The lettuce transplants of July, the ones I thought had burnt from the heat, actually survived. Unfortunately I didn't have them covered, and the sparrows took them right down to the ground last week. I grabbed some net and clipped it over the top, and it looks as though they'll survive the onslaught. I have a few beets growing in this bed, but germination was rather spotty. It's getting too late to reseed the bare spots, so I'll not bother with it. I had planted spinach in the bed to the back, but either very little sprouted or the sparrows got to it, as the bed is practically bare. I will reseed it soon.

The squash patch is taking over the world. The bush butternuts aren't too bad, but that one pattypan squash plant in front, the one just full of blossoms, is growing all over everything in sight. I wondered if I should just pull it out, and then......

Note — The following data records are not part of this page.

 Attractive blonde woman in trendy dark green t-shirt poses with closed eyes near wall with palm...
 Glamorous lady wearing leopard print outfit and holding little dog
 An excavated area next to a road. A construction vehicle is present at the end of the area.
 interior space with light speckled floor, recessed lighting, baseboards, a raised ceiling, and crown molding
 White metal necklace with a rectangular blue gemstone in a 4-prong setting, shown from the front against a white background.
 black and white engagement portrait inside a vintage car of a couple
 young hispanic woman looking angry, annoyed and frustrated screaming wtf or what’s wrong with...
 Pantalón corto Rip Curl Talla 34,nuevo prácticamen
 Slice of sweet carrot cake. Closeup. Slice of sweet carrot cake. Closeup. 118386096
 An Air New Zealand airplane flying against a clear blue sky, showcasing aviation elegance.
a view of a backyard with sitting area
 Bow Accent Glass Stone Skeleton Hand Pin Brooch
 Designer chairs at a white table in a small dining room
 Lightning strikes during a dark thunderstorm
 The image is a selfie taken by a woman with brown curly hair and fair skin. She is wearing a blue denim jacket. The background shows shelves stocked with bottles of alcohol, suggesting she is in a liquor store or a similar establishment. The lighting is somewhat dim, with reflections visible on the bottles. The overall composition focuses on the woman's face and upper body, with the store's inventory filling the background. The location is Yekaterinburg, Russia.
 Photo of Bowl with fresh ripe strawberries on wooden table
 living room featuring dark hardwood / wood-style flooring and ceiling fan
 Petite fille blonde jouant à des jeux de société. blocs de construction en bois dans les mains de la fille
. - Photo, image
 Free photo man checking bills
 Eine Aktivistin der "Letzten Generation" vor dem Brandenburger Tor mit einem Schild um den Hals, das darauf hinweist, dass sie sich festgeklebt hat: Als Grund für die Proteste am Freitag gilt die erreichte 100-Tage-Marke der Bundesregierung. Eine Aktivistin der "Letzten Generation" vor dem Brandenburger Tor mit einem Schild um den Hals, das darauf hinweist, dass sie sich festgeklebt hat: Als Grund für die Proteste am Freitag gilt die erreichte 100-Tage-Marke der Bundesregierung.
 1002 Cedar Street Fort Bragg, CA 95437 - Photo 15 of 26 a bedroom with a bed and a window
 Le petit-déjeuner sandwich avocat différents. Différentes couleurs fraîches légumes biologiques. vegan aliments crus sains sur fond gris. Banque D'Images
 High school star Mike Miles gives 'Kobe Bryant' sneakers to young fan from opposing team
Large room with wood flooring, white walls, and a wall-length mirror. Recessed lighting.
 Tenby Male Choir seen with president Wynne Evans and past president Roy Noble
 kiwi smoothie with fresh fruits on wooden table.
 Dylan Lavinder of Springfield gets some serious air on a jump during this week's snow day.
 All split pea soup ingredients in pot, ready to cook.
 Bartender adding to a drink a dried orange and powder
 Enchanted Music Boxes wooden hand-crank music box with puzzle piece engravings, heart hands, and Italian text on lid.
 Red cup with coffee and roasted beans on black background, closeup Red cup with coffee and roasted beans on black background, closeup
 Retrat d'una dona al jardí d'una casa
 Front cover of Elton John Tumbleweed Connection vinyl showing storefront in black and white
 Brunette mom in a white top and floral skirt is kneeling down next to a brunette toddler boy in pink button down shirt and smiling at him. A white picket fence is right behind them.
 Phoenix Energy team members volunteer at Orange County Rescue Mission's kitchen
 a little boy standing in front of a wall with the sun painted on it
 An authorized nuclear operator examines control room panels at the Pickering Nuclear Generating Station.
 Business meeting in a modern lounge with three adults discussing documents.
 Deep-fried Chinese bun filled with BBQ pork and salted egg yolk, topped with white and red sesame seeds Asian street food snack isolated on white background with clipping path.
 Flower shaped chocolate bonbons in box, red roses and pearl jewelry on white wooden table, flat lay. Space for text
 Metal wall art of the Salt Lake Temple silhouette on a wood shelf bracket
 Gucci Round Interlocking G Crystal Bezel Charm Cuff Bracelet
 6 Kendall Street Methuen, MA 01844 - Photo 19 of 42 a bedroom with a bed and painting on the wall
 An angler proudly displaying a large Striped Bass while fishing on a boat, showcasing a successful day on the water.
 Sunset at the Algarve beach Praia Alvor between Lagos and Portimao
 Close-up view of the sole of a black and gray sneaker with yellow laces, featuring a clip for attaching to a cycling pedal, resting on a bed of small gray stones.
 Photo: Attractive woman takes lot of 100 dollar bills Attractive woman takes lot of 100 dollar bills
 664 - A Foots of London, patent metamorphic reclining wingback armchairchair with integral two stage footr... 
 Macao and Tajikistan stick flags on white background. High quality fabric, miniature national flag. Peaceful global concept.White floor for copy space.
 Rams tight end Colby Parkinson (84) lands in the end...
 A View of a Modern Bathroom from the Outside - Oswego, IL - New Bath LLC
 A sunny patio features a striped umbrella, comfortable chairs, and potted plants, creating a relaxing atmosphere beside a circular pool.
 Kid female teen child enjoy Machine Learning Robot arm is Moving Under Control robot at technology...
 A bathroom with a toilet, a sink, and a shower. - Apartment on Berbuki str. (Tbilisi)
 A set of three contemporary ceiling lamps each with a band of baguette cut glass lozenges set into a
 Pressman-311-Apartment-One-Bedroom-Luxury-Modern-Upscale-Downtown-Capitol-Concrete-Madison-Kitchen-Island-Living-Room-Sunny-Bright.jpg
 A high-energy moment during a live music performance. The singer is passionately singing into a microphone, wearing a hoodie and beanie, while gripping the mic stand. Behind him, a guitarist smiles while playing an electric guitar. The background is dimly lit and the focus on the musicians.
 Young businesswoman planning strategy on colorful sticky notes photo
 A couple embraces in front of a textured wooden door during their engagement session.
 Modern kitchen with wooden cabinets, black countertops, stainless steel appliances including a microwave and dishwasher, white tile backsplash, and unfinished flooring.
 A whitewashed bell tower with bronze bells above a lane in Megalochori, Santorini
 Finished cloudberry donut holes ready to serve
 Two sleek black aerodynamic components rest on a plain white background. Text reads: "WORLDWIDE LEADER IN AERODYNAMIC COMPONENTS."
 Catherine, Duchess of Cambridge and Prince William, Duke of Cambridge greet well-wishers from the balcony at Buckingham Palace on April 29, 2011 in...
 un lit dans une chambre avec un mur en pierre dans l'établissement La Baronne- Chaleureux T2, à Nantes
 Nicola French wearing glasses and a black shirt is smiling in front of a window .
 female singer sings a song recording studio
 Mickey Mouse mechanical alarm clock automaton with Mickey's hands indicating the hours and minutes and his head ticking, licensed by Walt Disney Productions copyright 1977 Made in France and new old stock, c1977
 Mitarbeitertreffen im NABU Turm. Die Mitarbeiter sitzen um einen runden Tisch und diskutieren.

I picked this. Is that not just the most adorable thing you ever saw? I cooked up some freshly picked Fortex beans, added some fresh sweet corn kernels, then sauteed the diced squash (I hated to cut the pretty little thing!) in some butter, added the cooked and drained beans and corn, seasoned with just salt and pepper, and I ate two big platefuls for dinner! The squash was tender, slightly sweet, very mild flavored, and absolutely delicious. I'm not pulling the giant plant. I'll be picking another squash or two today, and I'm going to cook them by heating a baking sheet in a 400F oven, slicing the squash in half and tossing them with a bit of oil, s & p, then placing them cut side down on the hot pan and baking them until lightly brown and caramelized.

I think the lettuce bed, which has served me well (to the tune of 53 pounds) this year, is ready to be cleared of all growth and replanted for fall. The few plants at the front will stay for a while, as they are still looking fine, but the next row has finally bolted. All the others were harvested last week, then pulled. I must say, this has been a really good spot for lettuce growing, tucked in the corner with fence on two sides, shed to the south and morning sun from the east.

The sunflowers are about 12' high now, and still no blossoms. I have them tied to the fence....I hope they don't pull the fence down!